--- Data in this exercise Enclosed Below ---

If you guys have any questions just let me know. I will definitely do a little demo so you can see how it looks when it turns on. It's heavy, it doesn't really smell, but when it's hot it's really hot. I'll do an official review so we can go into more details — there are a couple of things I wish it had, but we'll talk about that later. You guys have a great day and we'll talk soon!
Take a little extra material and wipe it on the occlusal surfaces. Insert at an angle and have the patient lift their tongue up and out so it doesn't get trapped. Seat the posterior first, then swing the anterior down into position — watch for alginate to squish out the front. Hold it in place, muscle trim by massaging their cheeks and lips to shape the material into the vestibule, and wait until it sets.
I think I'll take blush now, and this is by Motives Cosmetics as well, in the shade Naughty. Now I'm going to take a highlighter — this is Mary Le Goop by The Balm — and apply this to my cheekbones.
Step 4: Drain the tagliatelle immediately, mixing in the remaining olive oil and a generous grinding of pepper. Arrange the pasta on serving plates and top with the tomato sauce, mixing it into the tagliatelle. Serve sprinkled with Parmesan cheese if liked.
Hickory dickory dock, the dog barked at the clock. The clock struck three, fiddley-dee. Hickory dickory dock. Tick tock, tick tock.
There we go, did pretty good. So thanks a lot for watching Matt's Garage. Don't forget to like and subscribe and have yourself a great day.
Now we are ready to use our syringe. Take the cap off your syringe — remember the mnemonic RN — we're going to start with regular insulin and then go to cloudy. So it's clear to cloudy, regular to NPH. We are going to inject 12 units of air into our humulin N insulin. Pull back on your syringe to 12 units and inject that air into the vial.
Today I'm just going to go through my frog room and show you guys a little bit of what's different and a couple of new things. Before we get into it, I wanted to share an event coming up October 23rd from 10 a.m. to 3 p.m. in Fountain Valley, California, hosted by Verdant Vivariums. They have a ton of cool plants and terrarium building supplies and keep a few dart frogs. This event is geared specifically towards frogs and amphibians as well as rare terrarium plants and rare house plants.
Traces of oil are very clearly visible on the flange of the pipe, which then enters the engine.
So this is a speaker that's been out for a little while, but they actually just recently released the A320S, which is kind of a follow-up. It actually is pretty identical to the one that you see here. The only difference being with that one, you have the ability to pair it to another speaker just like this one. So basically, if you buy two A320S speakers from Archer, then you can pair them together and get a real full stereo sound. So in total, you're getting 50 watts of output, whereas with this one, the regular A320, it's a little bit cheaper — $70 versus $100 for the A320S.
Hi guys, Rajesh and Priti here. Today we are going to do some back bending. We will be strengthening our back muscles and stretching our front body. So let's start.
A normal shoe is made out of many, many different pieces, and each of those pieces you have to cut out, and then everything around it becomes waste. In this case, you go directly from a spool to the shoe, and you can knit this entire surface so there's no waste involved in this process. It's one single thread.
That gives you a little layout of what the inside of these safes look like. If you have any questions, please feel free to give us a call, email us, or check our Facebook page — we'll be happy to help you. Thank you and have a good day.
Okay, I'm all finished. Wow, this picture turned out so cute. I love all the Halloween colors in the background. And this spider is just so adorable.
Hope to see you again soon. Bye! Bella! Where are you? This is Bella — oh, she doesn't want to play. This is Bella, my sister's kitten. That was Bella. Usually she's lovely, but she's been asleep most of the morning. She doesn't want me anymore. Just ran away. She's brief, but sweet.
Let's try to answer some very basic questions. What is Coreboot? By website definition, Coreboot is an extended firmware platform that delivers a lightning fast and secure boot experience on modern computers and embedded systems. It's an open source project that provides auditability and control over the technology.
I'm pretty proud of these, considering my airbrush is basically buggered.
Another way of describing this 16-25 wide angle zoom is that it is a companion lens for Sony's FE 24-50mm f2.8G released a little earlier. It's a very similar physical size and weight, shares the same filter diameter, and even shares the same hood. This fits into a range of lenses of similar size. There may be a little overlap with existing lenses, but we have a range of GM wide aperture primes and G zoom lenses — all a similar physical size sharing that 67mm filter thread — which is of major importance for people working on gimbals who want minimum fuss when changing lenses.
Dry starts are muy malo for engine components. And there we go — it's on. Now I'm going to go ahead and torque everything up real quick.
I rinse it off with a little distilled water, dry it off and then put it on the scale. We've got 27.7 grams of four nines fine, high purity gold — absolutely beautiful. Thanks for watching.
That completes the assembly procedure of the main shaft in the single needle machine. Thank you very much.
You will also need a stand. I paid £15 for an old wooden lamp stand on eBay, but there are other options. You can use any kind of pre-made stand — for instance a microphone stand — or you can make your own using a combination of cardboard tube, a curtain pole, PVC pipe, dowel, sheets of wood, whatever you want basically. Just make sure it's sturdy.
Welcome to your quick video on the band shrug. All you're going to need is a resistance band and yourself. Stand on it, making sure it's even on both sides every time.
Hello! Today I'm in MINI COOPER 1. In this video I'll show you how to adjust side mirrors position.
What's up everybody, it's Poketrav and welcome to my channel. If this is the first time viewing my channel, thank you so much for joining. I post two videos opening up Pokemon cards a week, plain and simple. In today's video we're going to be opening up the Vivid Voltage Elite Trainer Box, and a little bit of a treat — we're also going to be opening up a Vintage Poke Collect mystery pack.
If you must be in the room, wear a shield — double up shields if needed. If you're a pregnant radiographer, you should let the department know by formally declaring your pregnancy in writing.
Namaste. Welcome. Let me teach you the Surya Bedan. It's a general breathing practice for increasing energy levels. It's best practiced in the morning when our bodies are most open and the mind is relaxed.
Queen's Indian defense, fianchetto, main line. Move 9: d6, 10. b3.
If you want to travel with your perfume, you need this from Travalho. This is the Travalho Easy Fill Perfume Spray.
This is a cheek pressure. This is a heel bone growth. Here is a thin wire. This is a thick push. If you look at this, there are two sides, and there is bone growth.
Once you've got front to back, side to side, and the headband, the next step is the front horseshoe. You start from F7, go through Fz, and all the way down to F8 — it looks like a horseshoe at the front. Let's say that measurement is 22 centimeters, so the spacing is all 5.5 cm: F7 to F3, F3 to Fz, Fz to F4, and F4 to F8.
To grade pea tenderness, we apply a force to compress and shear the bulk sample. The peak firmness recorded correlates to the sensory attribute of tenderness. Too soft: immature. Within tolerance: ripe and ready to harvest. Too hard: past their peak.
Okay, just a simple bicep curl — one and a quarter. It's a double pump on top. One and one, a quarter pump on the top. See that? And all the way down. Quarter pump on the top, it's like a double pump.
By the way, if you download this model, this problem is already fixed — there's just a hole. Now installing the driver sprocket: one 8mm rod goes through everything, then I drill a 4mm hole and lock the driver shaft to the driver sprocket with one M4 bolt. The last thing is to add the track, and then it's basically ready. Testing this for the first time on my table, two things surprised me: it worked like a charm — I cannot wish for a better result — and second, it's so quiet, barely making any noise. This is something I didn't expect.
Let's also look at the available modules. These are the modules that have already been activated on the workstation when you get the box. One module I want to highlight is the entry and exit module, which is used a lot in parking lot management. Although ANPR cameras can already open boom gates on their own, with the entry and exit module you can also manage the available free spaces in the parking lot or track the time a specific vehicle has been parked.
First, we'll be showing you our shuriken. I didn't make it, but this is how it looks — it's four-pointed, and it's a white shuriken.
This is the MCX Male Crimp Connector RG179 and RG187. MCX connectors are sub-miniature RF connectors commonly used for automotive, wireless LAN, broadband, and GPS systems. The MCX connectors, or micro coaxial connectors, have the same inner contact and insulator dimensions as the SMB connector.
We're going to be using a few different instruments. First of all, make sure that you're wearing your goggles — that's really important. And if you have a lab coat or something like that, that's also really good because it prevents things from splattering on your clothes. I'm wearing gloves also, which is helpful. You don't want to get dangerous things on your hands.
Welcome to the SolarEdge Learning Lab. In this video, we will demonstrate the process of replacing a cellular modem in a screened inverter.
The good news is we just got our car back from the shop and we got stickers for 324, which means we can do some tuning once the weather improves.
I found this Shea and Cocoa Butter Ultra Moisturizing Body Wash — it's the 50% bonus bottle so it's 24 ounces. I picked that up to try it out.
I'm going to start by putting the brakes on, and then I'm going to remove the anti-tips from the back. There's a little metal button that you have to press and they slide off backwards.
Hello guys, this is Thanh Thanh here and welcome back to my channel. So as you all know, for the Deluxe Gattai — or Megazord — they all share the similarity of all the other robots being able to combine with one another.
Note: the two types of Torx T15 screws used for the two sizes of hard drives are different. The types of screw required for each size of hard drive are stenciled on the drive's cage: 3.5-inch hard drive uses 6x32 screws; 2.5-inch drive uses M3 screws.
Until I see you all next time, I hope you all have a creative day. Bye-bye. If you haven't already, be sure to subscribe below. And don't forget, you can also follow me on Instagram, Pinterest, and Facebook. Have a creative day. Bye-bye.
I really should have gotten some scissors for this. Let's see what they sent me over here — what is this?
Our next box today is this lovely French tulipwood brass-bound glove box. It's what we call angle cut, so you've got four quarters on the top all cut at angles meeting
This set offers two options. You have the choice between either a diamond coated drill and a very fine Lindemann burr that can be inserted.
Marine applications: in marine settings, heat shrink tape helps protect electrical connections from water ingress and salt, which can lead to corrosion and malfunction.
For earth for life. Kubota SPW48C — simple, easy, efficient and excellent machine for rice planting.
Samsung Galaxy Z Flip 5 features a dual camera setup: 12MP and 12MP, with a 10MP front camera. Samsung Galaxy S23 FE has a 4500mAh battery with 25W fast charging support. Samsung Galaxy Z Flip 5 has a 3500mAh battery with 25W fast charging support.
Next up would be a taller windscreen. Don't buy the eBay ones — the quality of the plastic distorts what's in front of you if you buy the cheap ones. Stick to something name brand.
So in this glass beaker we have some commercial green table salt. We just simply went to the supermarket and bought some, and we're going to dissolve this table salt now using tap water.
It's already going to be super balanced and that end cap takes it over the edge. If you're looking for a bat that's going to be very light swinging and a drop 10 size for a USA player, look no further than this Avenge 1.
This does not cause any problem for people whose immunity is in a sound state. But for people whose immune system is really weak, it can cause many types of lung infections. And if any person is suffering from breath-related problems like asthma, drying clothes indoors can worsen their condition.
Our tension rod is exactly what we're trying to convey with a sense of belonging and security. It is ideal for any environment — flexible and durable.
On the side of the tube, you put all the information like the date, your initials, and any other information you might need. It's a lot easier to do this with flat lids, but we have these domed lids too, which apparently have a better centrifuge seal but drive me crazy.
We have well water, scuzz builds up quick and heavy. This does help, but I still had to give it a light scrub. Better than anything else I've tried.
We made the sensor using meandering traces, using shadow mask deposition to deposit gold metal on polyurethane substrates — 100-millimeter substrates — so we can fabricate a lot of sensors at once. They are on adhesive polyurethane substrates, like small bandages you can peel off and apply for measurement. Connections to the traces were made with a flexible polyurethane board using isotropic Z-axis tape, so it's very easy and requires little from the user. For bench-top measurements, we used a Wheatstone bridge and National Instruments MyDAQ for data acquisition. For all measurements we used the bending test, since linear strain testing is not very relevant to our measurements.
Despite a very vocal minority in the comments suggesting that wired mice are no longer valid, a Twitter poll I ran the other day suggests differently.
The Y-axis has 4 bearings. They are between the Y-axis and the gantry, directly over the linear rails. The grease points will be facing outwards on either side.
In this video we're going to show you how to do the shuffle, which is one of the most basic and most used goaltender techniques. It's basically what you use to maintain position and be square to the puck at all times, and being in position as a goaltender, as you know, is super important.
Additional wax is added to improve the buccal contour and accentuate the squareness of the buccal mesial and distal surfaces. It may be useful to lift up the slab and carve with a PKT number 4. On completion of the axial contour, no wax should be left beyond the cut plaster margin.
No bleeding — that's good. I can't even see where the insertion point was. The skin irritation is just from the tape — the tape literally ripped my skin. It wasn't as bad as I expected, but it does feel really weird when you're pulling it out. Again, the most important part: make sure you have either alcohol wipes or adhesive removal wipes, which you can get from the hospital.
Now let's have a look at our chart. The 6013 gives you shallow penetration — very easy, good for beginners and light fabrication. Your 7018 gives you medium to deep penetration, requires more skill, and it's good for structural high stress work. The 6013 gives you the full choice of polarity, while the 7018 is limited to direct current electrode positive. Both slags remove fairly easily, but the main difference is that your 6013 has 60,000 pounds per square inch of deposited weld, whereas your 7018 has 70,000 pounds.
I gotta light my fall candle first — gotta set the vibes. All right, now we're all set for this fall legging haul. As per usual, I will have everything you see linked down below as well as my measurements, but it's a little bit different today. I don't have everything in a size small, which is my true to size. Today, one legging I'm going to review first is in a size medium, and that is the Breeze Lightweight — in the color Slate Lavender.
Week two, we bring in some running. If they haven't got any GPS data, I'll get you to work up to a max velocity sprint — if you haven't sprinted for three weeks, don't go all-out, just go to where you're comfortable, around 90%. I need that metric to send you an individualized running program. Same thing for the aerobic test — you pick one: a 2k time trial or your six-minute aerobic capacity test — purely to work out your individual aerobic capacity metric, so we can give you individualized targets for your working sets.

--- End of Enclosed Data in this exercise ---

◆ What the exercise asks
Where the listing above has a line with "If you want", start there, and output every line exactly through the line with "By the way, if", which is also included.

◆ Reply
If you want to travel with your perfume, you need this from Travalho. This is the Travalho Easy Fill Perfume Spray.
This is a cheek pressure. This is a heel bone growth. Here is a thin wire. This is a thick push. If you look at this, there are two sides, and there is bone growth.
Once you've got front to back, side to side, and the headband, the next step is the front horseshoe. You start from F7, go through Fz, and all the way down to F8 — it looks like a horseshoe at the front. Let's say that measurement is 22 centimeters, so the spacing is all 5.5 cm: F7 to F3, F3 to Fz, Fz to F4, and F4 to F8.
To grade pea tenderness, we apply a force to compress and shear the bulk sample. The peak firmness recorded correlates to the sensory attribute of tenderness. Too soft: immature. Within tolerance: ripe and ready to harvest. Too hard: past their peak.
Okay, just a simple bicep curl — one and a quarter. It's a double pump on top. One and one, a quarter pump on the top. See that? And all the way down. Quarter pump on the top, it's like a double pump.
By the way, if you download this model, this problem is already fixed — there's just a hole. Now installing the driver sprocket: one 8mm rod goes through everything, then I drill a 4mm hole and lock the driver shaft to the driver sprocket with one M4 bolt. The last thing is to add the track, and then it's basically ready. Testing this for the first time on my table, two things surprised me: it worked like a charm — I cannot wish for a better result — and second, it's so quiet, barely making any noise. This is something I didn't expect.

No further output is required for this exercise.